Iowa is a place where vanity feels foolish and unnecessary, stripped away by the ongoing current of the wind. The wind here is different than anywhere else I’ve ever been: it wraps around my whole body, like water.
This is a place where I have learned a new respect for rivers, for these rivers are not the narrow streams of northern Michigan, covered with tiny, soft stones, the water clear and clean, the fish visible under the glass surface.
Iowa rivers are yawning, muddy, wide, moiling—the bottom is impossible to see, and the contents are always under suspicion.
These rivers, like all rivers, defy control, seeping and sometimes tumbling into swamps, farm fields and basements. Within a week they can transform a corn field into a lake attracting white cranes. Their power, like Iowa’s beauty, is both subtle and humbling.

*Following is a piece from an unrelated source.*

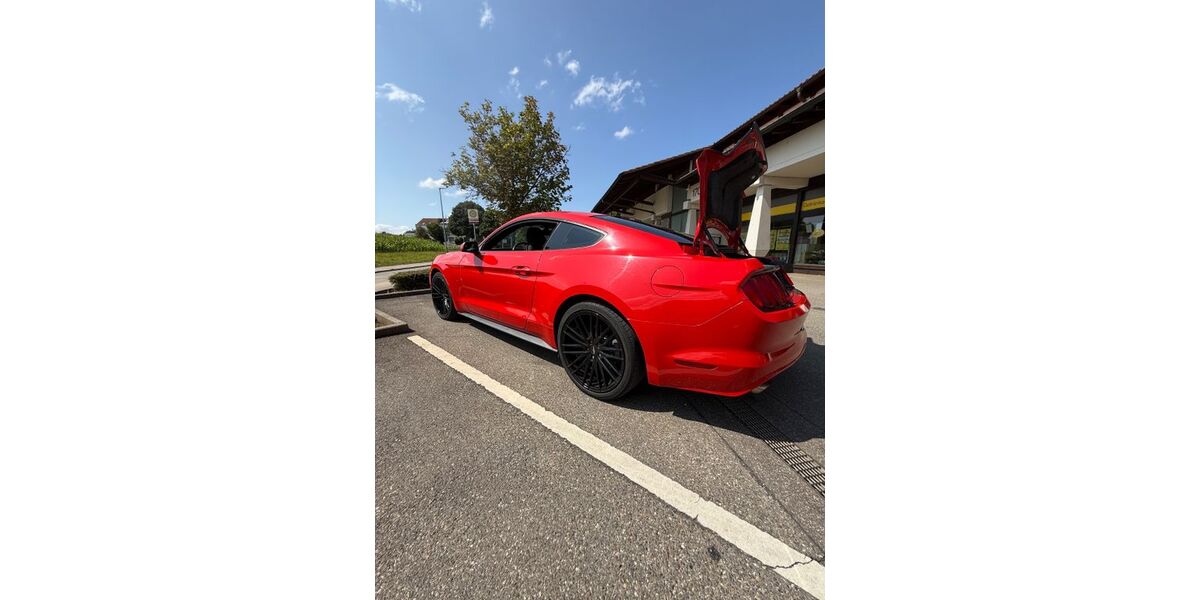 Ford Mustang 116.983 km 18.500 &euro; Esslingen 73734
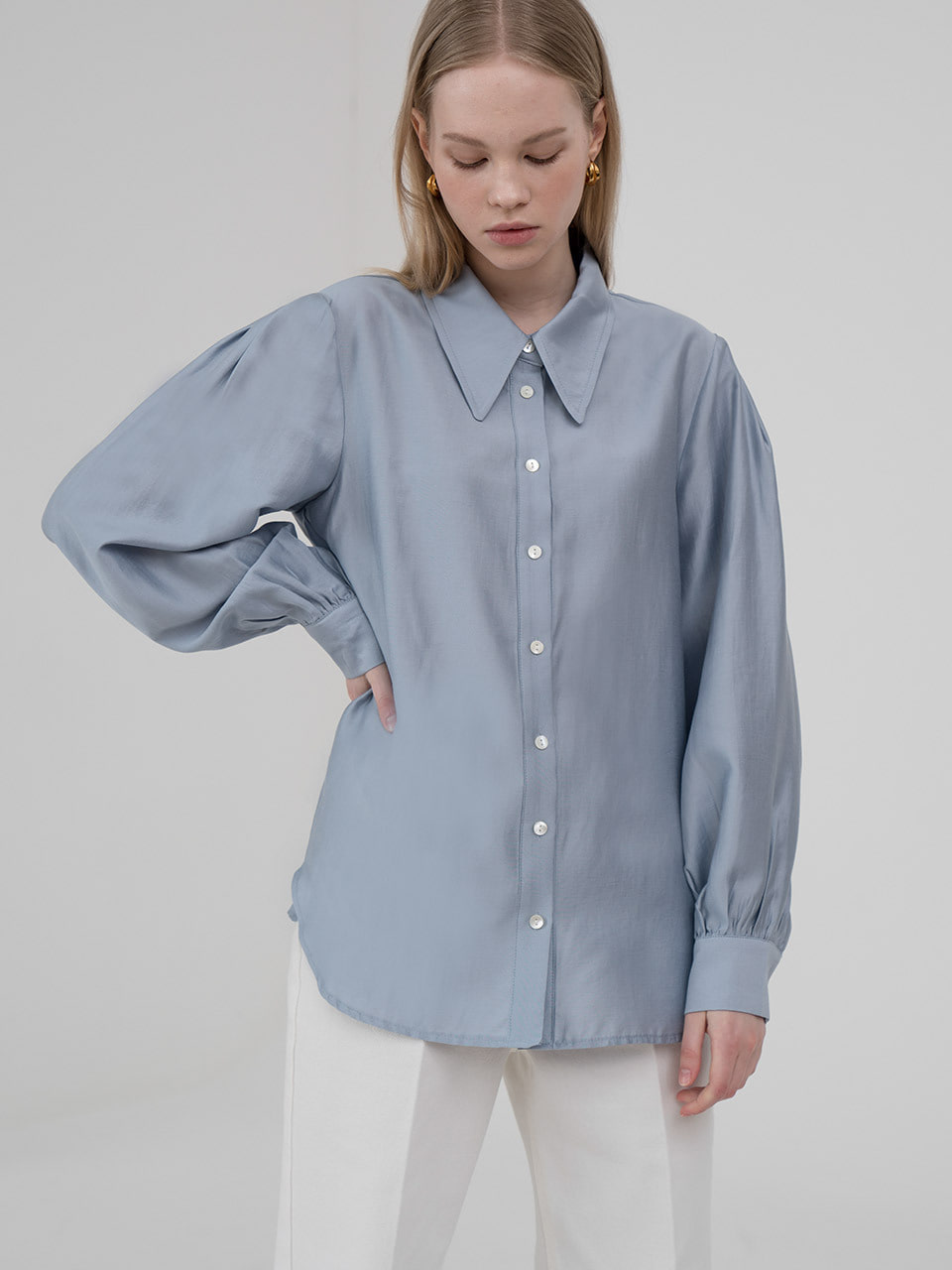 [박지현 착용] Modal blend shirring blouse in skyblue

I moved here two years ago after living in Michigan my entire life. I wasn’t prepared to be embraced by the open spaces, waved to by strangers who also pause and talk to me.
I wasn’t prepared to find myself planting trees, roses and sweet potatoes, something I’d never done before in Michigan.
I wasn’t prepared to find a strong community of small farms whose farmers were part of a movement to counteract agri-business with local and organic produce, dairy and meat.
I wasn’t prepared for the calm, the sanity, the quiet joy of watching the trajectory of a red-tailed hawk trailing figure eights in a clear, sub-zero sky.
I wasn’t prepared for the discovery of a familiar dead-pan, ironic outlook that seamlessly weaves into Iowans’ self-deprecating humor and quiet strength.
What I found here is what Terry Tempest Williams described as a place of rest and safety, a place to at last find my voice, now far away from the din of other versions of the person I’ve tried to become and the person I’ve tried to deny. This landscape forces me to confront myself, because it denies nothing.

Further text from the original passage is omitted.